Authors: Robert J Sawyer
Of course, all eight restaurants were open to every species, and that meant offering a range of meal items that met the various races'
metabolic requirements. Keith ordered a grilled cheese sandwich and a couple of pickled gherkins to go with his starg salad. Waldahudin, whose females, like terrestrial mammals, secreted a nutritive liquid for their offspring, found it disgusting that humans drank the milk of other animals, but they pretended not to know what cheese was made of.
Rissa was sitting opposite Keith. Actually, the table was shaped in the Waldahud standard, like a human kidneY, and made of a polished plant material that wasn't wood, but did have lovely bands of light and dark in it. Rissa was in the indentation in the table. The Waldahud custom was that a female always sat in this honored position; on their home-world a dame would be positioned here, with her male entourage seated around the curving form.
Rissa's tastes were more adventurous than Keith's. She was eating az torad--"blood mussels," Waldahud bivalves that lived in the slurry layer at the bottom of many lakes. Keith found the bright purple-red color disgusting as did most Waldahudin, for that matter, since it was a precise match for the hue of their own blood. But Rissa had mastered the trick of bringing the shell to her mouth, popping it open, and slurping out the morsel within, all without letting the soft mass be seen either by herself or anyone sitting across from her.

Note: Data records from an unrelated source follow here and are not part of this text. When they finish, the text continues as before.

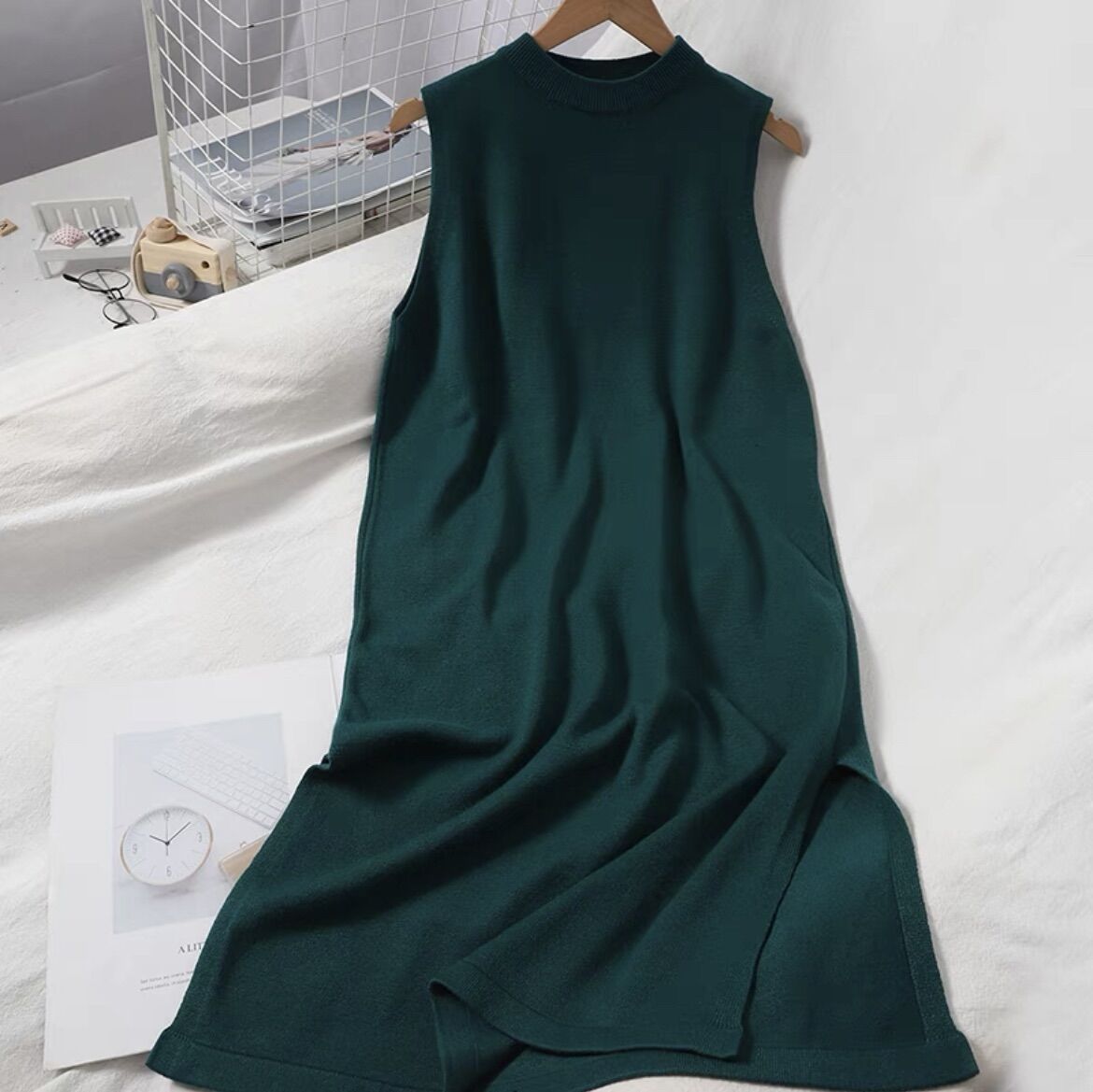 Váy len sát nách cổ tròn phong cách Hàn Quốc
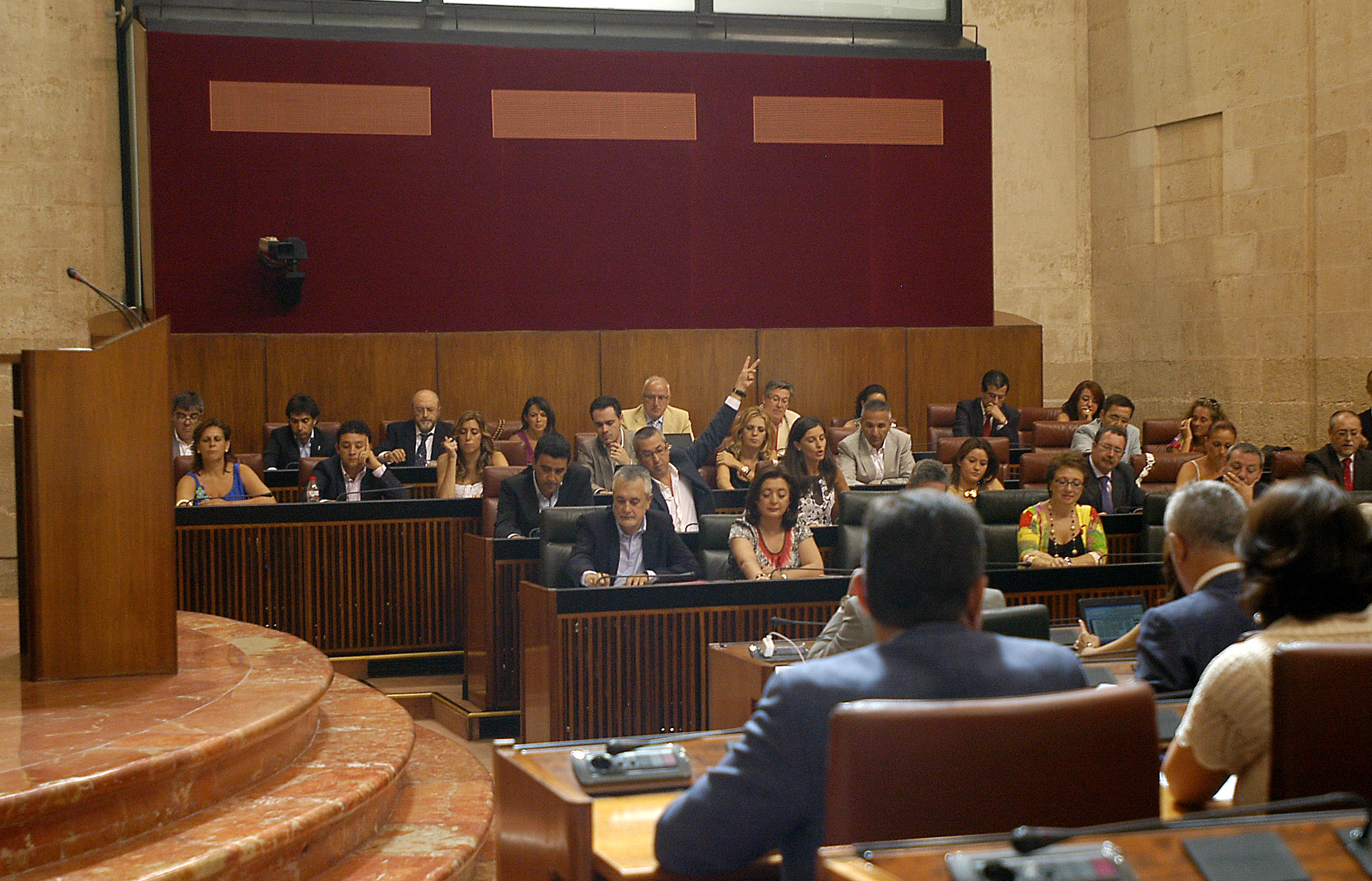 El Grupo Socialista, durante la votaci�n de la proposici�n de Ley de Aguas de Andaluc�a, que result� aprobada por el Pleno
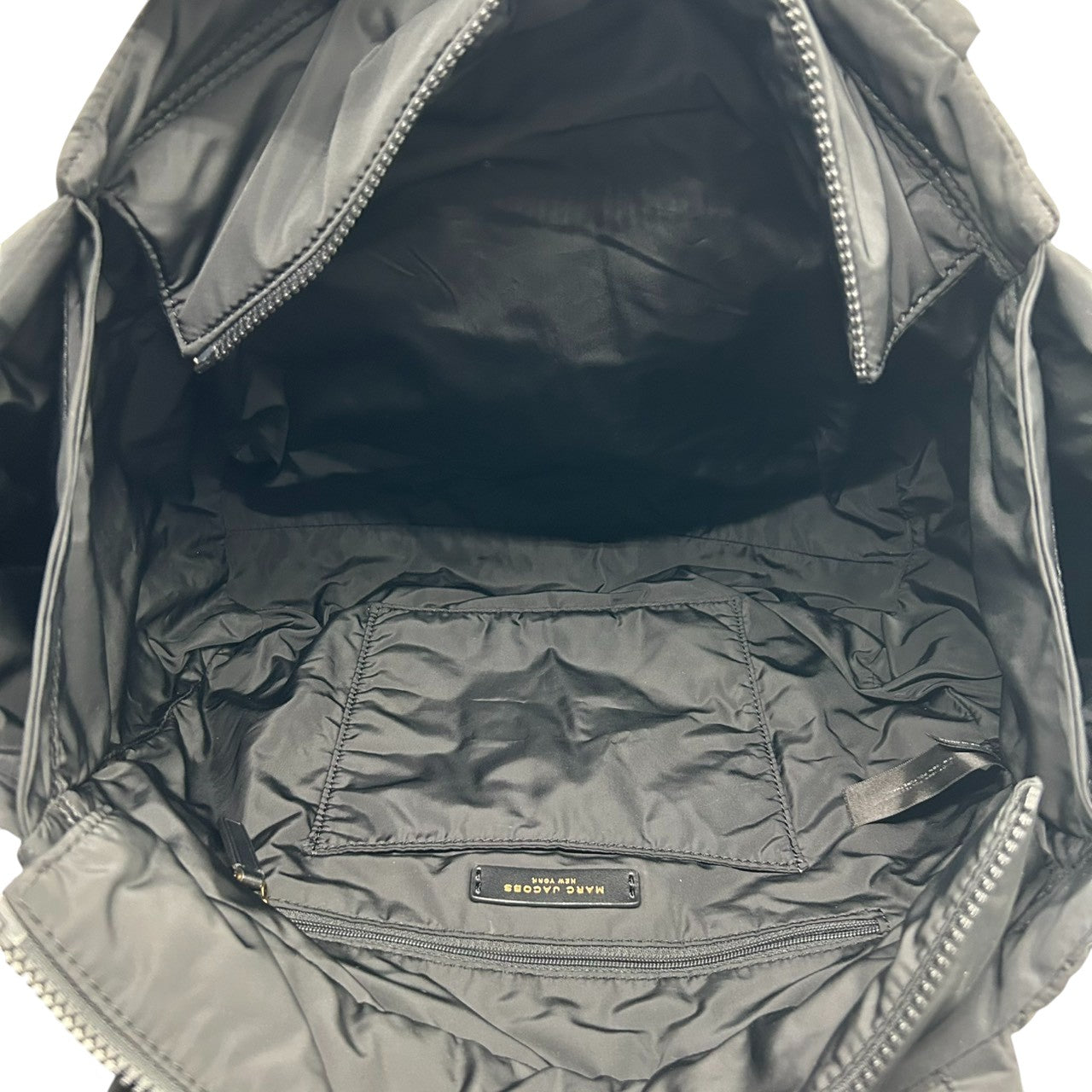 【美品】マークジェイコブス ナイロン キルティング 2WAY トートバッグ A4 PC可 大容量 マザーズバッグ ブラック レディース MARC JACOBS ショルダーバッグ 通勤通学 軽量 (ショルダーストラップ社外品) U5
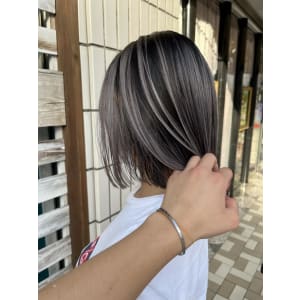 シャドールーツ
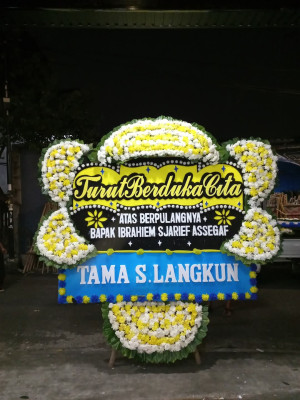 Papan Bunga Duka di Caturanom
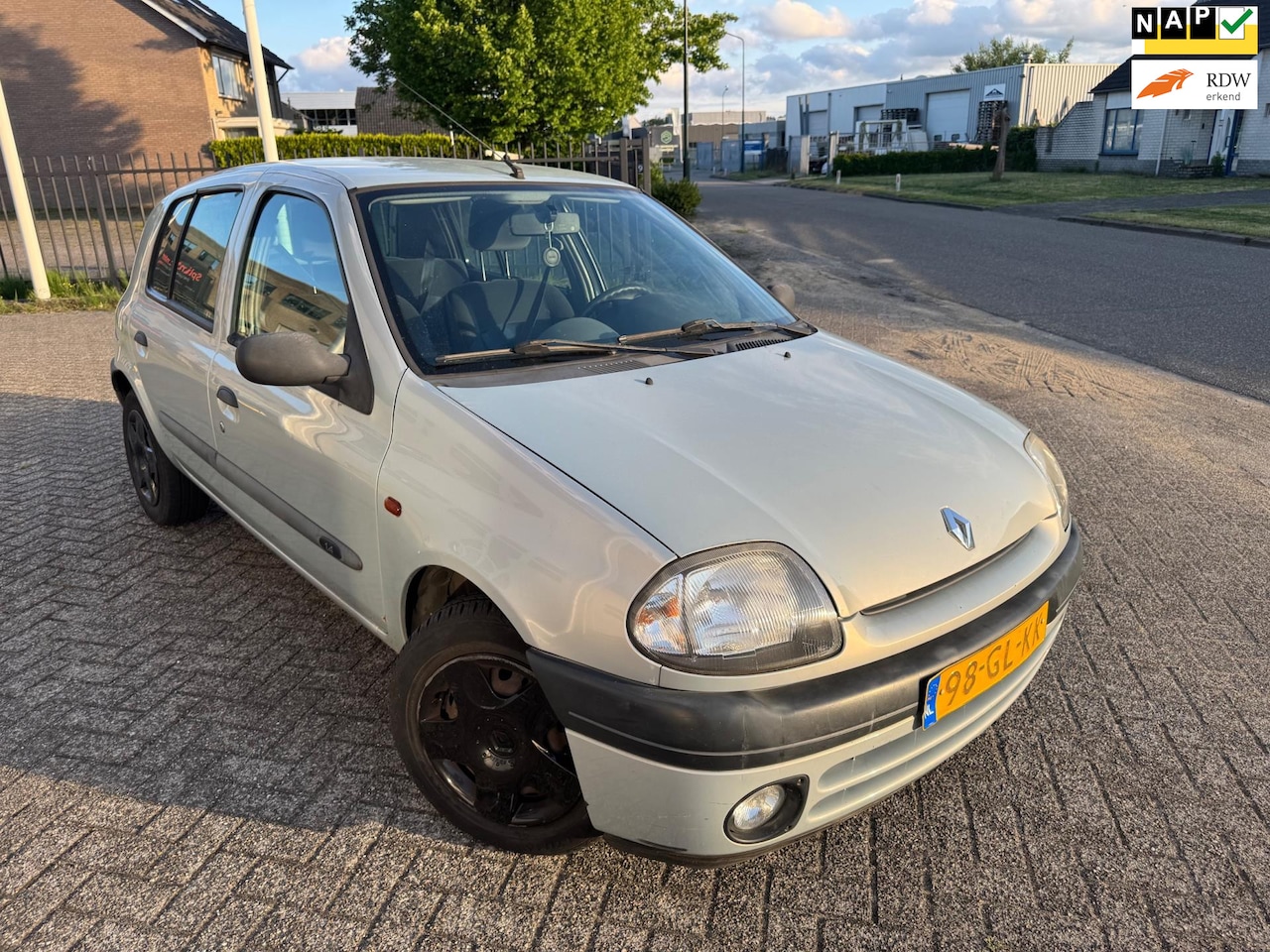 Renault Clio - 1.4 RN 5 DEURS, WEINIG KM, NEW APK - AutoWereld.nl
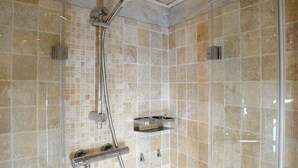 House | Bathroom - Charming Nest Cozy, Romantic, Very Comfortable, on a Square of Torgny (Rouvroy)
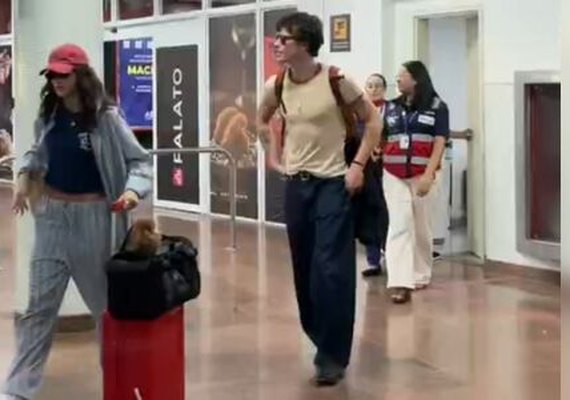 Casal? Cantor canadense Shawn Mendes e atriz Bruna Marquezine chegam juntos a Maceió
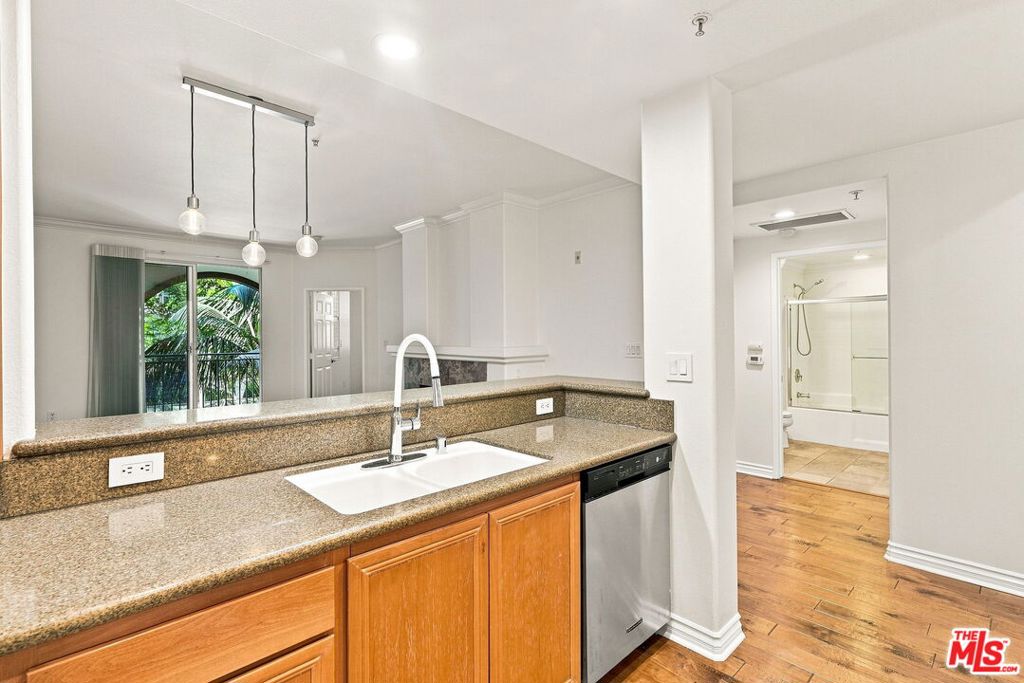12963 Runway Road 218 Property Photo 10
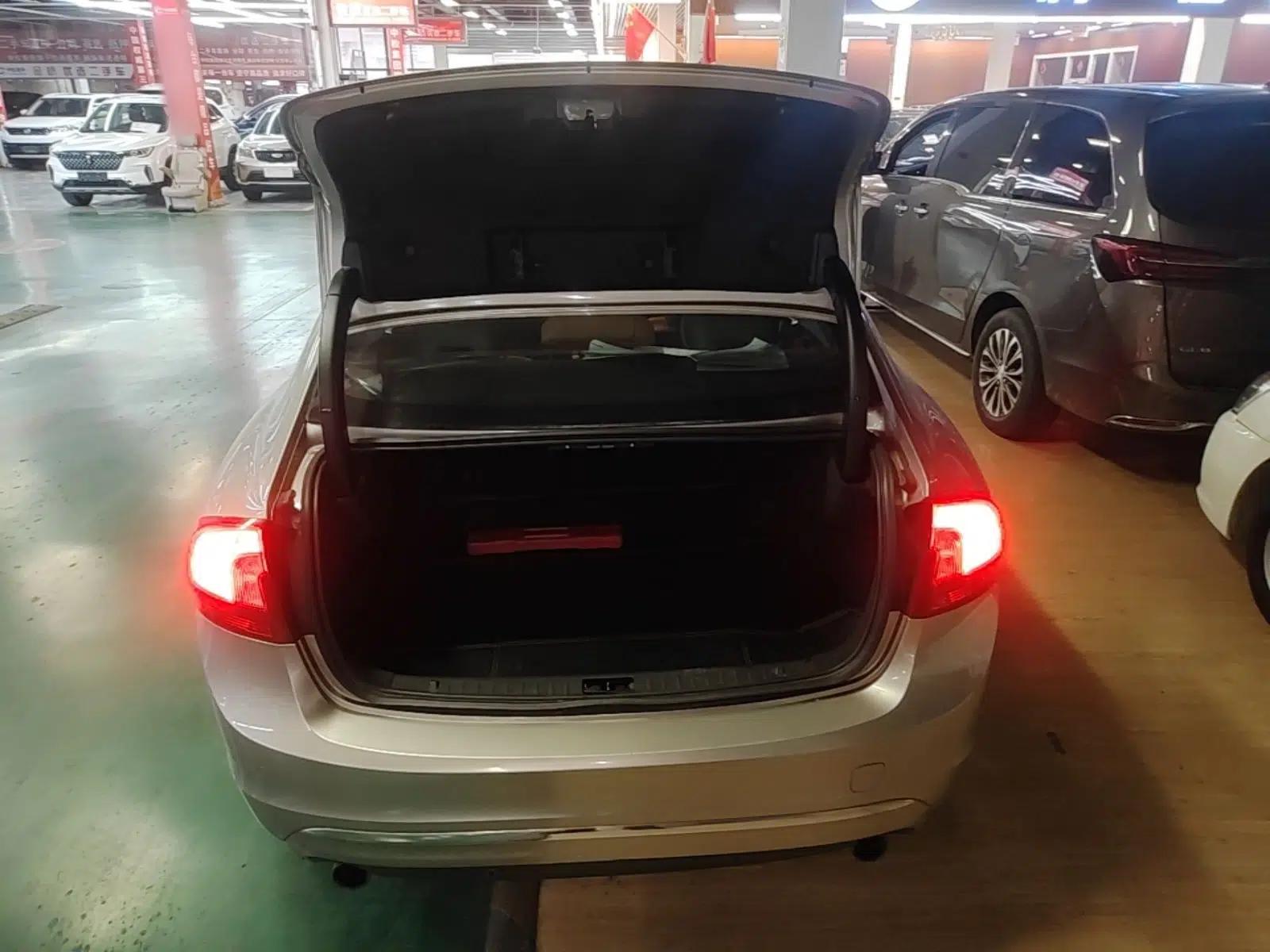 Volvo S60 2014 S60L 2.0T Zhiyuan Edition — миниатюра 22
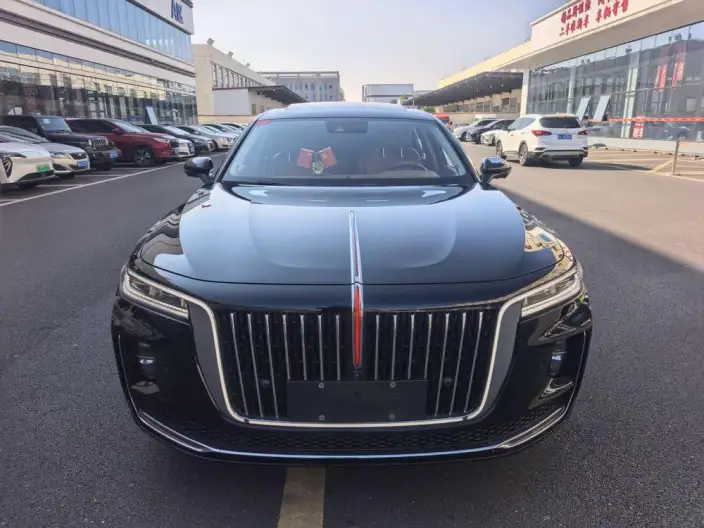 HONGQI H9 2022 Model 2.0T Smart Flag Enjoy Edition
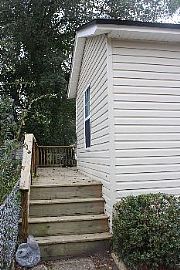 910 Wayne St, 32208 - No App Fee! in Jacksonville, FL (Photo 3 of 5)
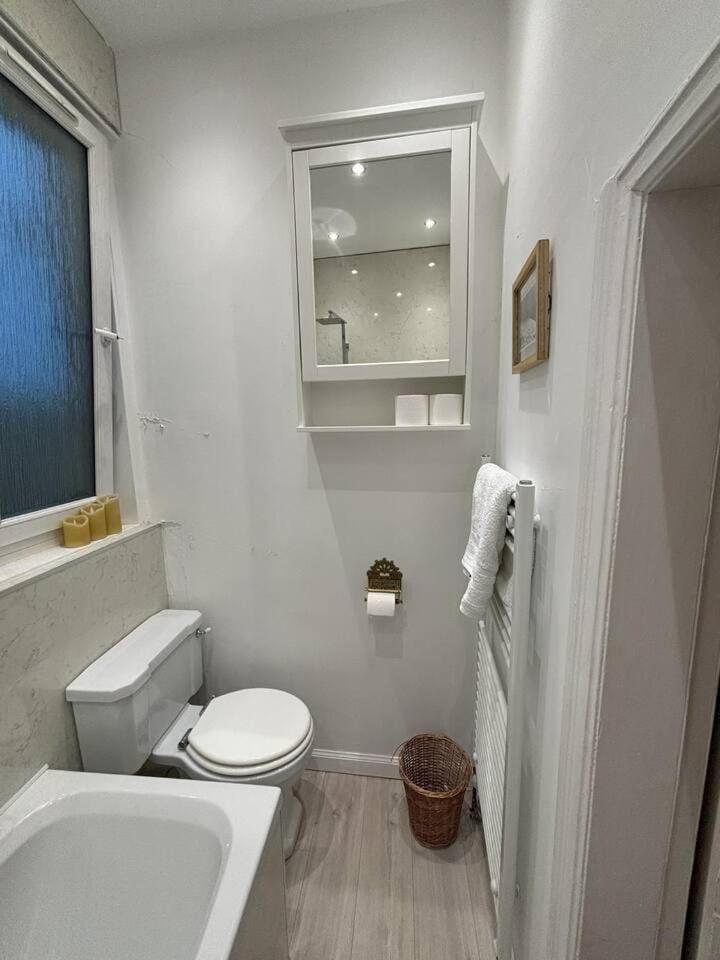 Bright Floor 2br In Morningside, Easy Centre Links, Close To And Royal Hospital Appartement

Keith and Rissa ate in silence, and Keith wondered if that was good or bad. They'd mn out of idle chitchat ages ago. Oh, if there was something on either of their minds, they'd talk at length, but it seemed that they just enjoyed being in each other's company, even if they said barely a word. At least that's the way Keith felt, and he hoped Rissa shared that feeling.
Keith was using a katook (Waldahud cutlery, like duck-billed pliers) to bring some starg to his mouth when a comm panel popped up from the table's surface, showing the face of Hek, the Waldahud alien-communications specialist.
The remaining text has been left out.